And the Vespa continues to travel: in July 1992 Giorgio Bettinelli, writer and journalist, left Rome on a Vespa and reached Saigon in March 1993. In 1994-95 he rode a Vespa 36,000km from Alaska to Tierra del Fuego, and the following year he travelled from Melbourne to Cape Town – over 52,000km in 12 months.
In 1997 he set out from Chile, reaching Tasmania after three years and eight months, having travelled 144,000km on his Vespa and crossed 90 countries across the Americas, Siberia, Europe, Africa, Asia and Oceania. All in all, Bettinelli has travelled 250,000km on a Vespa.
In the USA, emissions legislation killed off the Vespa in 1985 – only for it to make a triumphant comeback in 2000. It has been there ever since, now being sold through ‘Vespa Boutiques’.
But before all that though, the Vespa had already become a part of social history in the United States, thanks to some iconic film appearances.
It was 1953’s Roman Holiday starring Audrey Hepburn and Gregory Peck that really set the tone: the impossibly cool pair causing mayhem on the streets of the Italian capital on a Vespa with Hepburn gripping the handlebars and Peck hanging on for dear life behind.
The film was a massive box office smash and earned Hepburn an Oscar for best actress – one of three Academy Awards the production picked up in total.
Suddenly the US woke up to the Vespa and sales soared.
Vespas have since had roles in films such as American Graffiti, The Talented Mr Ripley, 102 Dalmatians, Dear Diary, Alfie, The Interpreter and even Transformers.

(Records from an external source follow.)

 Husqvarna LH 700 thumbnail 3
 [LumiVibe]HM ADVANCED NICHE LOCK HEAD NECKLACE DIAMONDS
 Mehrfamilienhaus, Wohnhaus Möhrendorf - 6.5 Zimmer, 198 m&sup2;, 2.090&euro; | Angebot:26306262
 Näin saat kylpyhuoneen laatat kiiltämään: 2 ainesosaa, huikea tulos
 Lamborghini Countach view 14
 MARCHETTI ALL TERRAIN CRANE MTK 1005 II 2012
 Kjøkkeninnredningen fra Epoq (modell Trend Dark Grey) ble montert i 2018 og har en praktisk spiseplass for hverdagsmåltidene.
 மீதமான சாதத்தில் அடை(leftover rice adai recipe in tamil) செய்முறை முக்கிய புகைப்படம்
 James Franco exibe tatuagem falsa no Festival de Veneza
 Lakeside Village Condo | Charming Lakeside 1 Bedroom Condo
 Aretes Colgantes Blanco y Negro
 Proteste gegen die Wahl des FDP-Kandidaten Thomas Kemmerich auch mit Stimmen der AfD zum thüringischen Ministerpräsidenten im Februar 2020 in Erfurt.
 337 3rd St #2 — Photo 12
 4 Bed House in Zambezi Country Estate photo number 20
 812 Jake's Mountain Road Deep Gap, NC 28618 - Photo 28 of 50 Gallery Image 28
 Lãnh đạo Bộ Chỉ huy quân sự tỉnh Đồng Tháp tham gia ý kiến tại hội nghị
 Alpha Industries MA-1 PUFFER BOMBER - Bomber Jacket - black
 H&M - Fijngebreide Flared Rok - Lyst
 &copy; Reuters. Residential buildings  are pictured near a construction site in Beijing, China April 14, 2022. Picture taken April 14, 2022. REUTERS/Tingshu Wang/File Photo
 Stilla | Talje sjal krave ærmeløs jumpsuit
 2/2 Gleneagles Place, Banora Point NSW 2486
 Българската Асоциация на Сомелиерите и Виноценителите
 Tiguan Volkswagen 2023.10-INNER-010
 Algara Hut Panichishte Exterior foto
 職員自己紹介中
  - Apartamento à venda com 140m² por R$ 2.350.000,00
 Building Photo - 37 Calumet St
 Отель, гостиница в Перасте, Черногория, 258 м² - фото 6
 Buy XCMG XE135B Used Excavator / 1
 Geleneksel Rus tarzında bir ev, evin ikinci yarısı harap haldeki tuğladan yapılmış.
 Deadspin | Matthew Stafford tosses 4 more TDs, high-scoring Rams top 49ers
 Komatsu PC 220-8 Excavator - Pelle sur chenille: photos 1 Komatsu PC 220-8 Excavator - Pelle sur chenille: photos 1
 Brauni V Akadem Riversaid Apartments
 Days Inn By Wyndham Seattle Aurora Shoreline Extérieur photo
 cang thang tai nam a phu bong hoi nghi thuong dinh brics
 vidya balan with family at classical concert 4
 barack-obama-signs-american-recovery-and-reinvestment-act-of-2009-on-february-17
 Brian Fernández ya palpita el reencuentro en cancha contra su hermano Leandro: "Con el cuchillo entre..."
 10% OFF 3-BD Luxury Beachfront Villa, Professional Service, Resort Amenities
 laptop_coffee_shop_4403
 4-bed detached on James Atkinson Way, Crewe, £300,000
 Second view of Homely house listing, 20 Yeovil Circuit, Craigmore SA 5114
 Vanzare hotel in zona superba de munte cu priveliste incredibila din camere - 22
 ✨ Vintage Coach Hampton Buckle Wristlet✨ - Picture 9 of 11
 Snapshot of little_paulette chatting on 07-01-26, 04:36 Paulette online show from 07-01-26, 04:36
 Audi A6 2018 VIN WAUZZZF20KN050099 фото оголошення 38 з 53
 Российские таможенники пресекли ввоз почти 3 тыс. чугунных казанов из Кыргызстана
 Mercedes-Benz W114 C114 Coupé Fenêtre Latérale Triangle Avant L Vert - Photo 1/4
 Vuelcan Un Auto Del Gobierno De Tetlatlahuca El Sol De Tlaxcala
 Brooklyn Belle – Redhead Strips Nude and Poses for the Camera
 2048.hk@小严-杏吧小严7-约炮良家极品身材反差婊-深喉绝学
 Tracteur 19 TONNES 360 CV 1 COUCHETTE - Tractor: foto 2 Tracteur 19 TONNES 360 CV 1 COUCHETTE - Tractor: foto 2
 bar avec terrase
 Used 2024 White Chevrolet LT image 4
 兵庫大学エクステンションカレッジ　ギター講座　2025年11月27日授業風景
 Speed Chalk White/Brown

In photo shoots, films and on the set, the Vespa has been a faithful steed for stars including Raquel Welch, Ursula Andress, Geraldine Chaplin, Joan Collins, Jayne Mansfield, Virna Lisi, Milla Jovovich, Marcello Mastroianni, Charlton Heston, John Wayne, Henry Fonda, Gary Cooper, Anthony Perkins, Jean-Paul Belmondo, Nanni Moretti, Sting, Antonio Banderas, Matt Damon, Gérard Depardieu, Jude Law, Nicole Kidman, Eddie Murphy and Owen Wilson.
History-making models
From the MP6 to the Grand Tourer of 2003, to the Vespa GTS 300 Super of 2008, to the recent GTV and LXV special series, all the way to the Vespa 946, there have been more than 150 different models, versions and variations of the Vespa – identifiable by different chassis codes – manufactured by Piaggio.
By the time the Vespa ET4 was launched in 1996, over 20,000 modifications had been made to the original product and over 1500 parts replaced.
Some Vespas are sought after by collectors because they belong to a special series, or because they were rapidly replaced by subsequent versions, and are now highly prized. Others, which were produced in greater numbers or stayed on the market longer, are classic models.
There have been numerous technical milestones along the way too. For examples, with the Vespa ET2 Injection in 1997, Piaggio launched the first direct injection two-stroke engine in history, a technical first it matched in 2000 with the launch of the first European 50cc four-stroke engine on the Vespa ET4 50. In 2005, with the Vespa GTS, Piaggio launched the first scooter in the world to have a 250cc Euro 3 compatible engine with electronic injection.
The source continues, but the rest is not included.